En este sentido es evidente que yo quería escribir una novela histórica, y no porque Ubertino y Michele hayan existido de verdad y digan más o menos lo que de verdad dijeron, sino porque todo lo que dicen los personajes ficticios como Guillermo es lo que habrían tenido que decir si realmente hubieran vivido en aquella época.
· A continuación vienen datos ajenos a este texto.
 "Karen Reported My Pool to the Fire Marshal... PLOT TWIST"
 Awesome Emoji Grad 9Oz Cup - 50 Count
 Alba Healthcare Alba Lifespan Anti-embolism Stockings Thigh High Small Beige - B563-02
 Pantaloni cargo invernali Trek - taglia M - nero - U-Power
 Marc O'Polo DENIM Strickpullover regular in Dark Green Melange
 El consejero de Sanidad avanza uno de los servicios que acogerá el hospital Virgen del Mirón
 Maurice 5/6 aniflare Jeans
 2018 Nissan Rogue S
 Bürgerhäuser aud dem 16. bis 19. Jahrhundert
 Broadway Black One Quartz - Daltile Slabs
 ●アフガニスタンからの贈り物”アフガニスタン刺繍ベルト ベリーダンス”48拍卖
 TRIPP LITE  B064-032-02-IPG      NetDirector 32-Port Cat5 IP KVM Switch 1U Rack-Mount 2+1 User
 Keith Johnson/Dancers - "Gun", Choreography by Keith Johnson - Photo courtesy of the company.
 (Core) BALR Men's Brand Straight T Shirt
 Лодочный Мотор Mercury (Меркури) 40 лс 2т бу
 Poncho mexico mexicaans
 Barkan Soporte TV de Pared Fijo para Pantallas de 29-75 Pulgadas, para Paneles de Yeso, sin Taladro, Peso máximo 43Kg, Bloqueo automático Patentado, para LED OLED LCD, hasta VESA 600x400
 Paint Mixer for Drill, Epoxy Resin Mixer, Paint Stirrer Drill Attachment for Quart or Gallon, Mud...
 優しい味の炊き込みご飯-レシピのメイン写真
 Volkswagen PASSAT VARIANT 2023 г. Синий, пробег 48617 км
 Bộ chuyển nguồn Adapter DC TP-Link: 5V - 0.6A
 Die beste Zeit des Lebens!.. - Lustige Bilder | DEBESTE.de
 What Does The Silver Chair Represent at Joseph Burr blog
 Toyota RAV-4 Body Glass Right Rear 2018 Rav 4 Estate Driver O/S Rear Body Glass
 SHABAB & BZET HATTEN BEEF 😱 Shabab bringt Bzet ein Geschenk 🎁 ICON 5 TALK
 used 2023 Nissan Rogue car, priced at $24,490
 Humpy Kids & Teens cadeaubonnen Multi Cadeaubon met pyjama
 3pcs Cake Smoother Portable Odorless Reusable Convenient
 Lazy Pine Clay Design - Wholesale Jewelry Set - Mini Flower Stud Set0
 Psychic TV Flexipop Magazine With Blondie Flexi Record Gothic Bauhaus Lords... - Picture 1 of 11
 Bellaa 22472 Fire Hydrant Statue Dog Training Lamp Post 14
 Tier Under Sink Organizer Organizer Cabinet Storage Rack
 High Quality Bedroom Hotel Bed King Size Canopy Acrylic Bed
No sé hasta qué punto he sido fiel a ese propósito. No creo haberlo traicionado cuando disimulé citas de autores posteriores (como Wittgenstein) haciéndolas pasar por citas de la época. En esos casos estaba seguro de que no era que mis medievales fuesen modernos, sino, a lo sumo, que los modernos pensaban en medieval. Lo que, en cambio, me pregunto es si a veces no habré atribuido a mis personajes ficticios una capacidad de fabricar, con los disiecta membra de pensamientos perfectamente medievales, algunos hircocervos conceptuales que el Medioevo no habría reconocido entre su fauna. Creo, sin embargo, que una novela histórica no sólo debe localizar en el pasado las causas de lo que sucedió después, sino también delinear el proceso por el que esas causas se encaminaron lentamente hacia la producción de sus efectos.

Cuando uno de mis personajes compara dos ideas medievales para extraer una tercera idea más moderna, está haciendo exactamente lo mismo que después hizo la cultura, y aunque nadie haya escrito jamás lo que él dice, podemos estar seguros de que, quizá confusamente, alguien habría tenido que empezar a pensarlo (aunque sin decirlo, presa de vaya a saber qué temores y pudores).

De todas maneras, hay algo que me ha divertido mucho: cada vez que un crítico o un lector escribió o dijo que uno de mis personajes afirmaba cosas demasiado modernas, resultó que precisamente en todas esas ocasiones se trataba de citas textuales del siglo XIV.

Y hay otros pasajes en los que el lector degustó exquisitamente el supuesto sabor medieval de determinadas actitudes en las que yo, en cambio, percibía ilícitas connotaciones modernas. Lo que sucede es que cada uno tiene su propia idea, generalmente corrupta, del Medioevo. Sólo los monjes de la época conocemos la verdad, pero a veces decirla significa acabar en la hoguera.